One of the common issues for the second book of a trilogy is how it will keep the plot going and develop the characters ready for a good ending in the third book. Often you see the cause of good suffer a number setbacks so that the odds are really stacked against them for the end of the trilogy – think Two Towers and Empire Strikes Back for instance.
Joe Abercrombie’s Before They Are Hanged continues the plot lines established in the first book and does a good job of bridging the gap for the third book. However, I think there is a clear case that probably only one of the plotlines narrated in this book is really necessary. The other two feel like padding. The events of the narrative do more to build character, which is important, but very little actually really seems to happen that changes anything for the overall story. I’m not going to give any more detail on which plots accomplish this or don’t as that might necessitate too much description of what happens at the end of the book. I’d like to say now that this is still an immensely enjoyable read. Abercrombie again is brilliant at characterisation of his main characters and describing very tangicble and dangerous scenes for them. In the context of a trilogy I’m just not sure how strong the book is. However, I suspect that this is quite a common problem for any story that has to be wedged into the trilogy structure by unimaginative publishers.

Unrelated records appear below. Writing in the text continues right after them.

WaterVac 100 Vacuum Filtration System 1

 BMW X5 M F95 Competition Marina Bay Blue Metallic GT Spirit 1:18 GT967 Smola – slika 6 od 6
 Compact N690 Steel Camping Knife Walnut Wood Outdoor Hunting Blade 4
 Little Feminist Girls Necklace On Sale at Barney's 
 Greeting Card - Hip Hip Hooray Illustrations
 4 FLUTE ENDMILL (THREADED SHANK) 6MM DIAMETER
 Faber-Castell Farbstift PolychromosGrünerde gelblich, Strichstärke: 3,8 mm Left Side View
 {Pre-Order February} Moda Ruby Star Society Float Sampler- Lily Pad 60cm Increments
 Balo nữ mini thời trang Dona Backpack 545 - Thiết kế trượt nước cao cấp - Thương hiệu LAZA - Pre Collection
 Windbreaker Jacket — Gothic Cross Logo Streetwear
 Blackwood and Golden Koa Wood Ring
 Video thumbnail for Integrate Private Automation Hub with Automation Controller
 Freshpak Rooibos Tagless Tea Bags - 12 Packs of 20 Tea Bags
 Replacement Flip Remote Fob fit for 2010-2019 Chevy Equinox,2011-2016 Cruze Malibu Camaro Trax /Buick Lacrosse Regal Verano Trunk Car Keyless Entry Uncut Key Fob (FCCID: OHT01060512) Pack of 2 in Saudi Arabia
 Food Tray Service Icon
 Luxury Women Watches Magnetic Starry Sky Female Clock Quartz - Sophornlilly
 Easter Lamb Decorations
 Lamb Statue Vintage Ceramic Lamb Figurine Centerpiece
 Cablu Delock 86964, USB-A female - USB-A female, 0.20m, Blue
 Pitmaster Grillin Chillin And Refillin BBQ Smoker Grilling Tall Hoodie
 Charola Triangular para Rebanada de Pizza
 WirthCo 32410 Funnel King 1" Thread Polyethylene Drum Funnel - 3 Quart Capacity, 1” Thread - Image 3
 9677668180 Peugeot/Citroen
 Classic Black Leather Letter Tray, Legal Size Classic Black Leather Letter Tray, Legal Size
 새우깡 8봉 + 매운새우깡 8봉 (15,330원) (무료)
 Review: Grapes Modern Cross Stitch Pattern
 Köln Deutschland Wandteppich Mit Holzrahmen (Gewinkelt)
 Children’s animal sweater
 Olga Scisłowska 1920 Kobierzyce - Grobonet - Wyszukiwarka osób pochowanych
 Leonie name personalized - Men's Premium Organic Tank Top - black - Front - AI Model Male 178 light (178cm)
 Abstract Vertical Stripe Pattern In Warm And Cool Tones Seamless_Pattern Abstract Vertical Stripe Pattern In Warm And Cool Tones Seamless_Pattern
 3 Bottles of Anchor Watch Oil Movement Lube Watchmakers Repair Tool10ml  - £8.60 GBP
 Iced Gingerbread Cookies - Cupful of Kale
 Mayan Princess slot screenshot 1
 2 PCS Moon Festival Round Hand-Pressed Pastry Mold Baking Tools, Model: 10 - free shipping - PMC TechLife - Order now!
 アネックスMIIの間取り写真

So what plot lines are continued in this title:
Bayaz and his party venture to a new continent and across the steppe via ancient ruined cities looking for something that will defeat the rogue Magi who threatens the world. The most interesting part here is the development of the Luthar character and the relationship between Logen Ninefingers and Ferro. Say one thing about Logen Ninefingers, say he’s a memorable character.
In Angland Union forces fight against the invasion of Bethod’s forces. This chapters featuring this plot contain some excellent battle scenes and is probably my second favourite part of the book.
But probably the best features Glotka who arrives in Daroska to find out what happened to the last Superior and get the defences sorted out in preparation for attack by the Gurkish. He does well in pulling things into shape although he annoys the ruling council in the process. All the while he is worrying about his possible fate if he fails, providing his own commentary nearly everytime he speaks to another character. “Found floating face down in the docks” is how he imagines his death being reported if he puts a foot wrong with his superior, Arch Lector Sult.
All in all a good book and a good read, but not sure if it was all really necessary in the grand scheme of things.